— PROVIDED RECORDS —
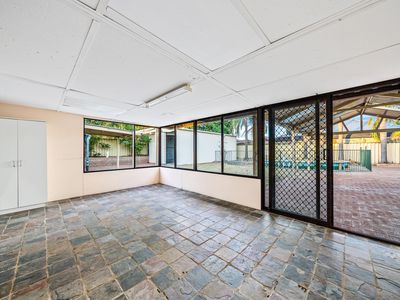 10 Lorikeet Way, Gosnells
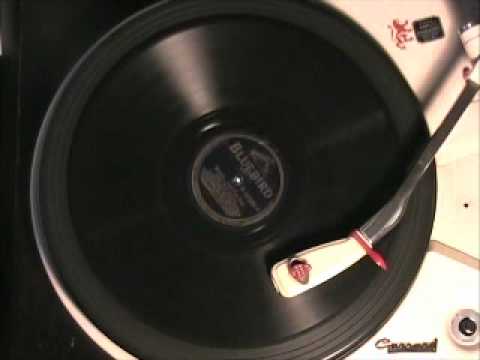 MINOR JIVE by Frankie Newton with Cozy Cole and Mezz Mezzrow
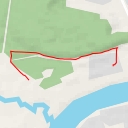 thumbnail for Окольная улица - городской округ Тверь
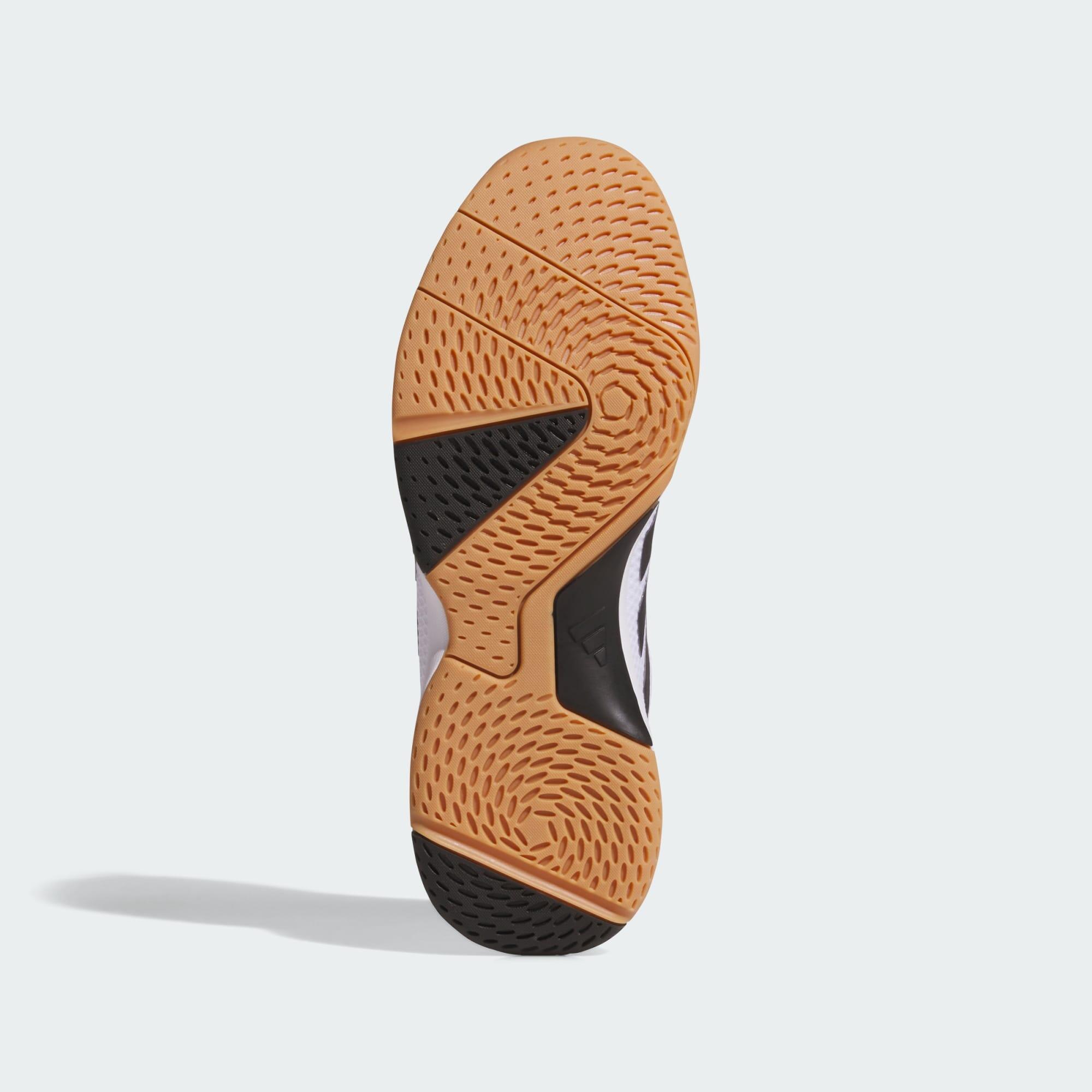 Chaussure Ligra 8 Indoor 4/8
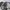 Thule EnRoute Blur 2 Backpack
Original photo 7
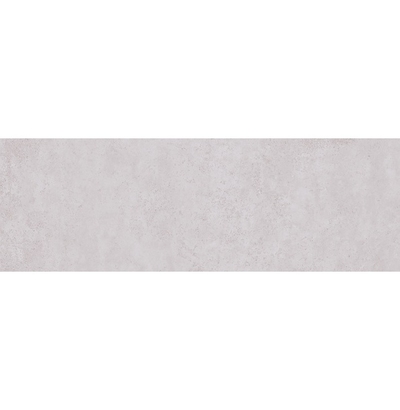 Плитка настенная Брендл т-серый (00-00-5-17-01-06-2211)  600х200 (1,2м2/57,6м2)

— WHAT IS NEEDED —
An exact copy is needed of the lines running from the one containing "Original photo 7" through the last line of the material, and of no others; pictures stay out.

— RESPONSE —
Original photo 7
 Плитка настенная Брендл т-серый (00-00-5-17-01-06-2211)  600х200 (1,2м2/57,6м2)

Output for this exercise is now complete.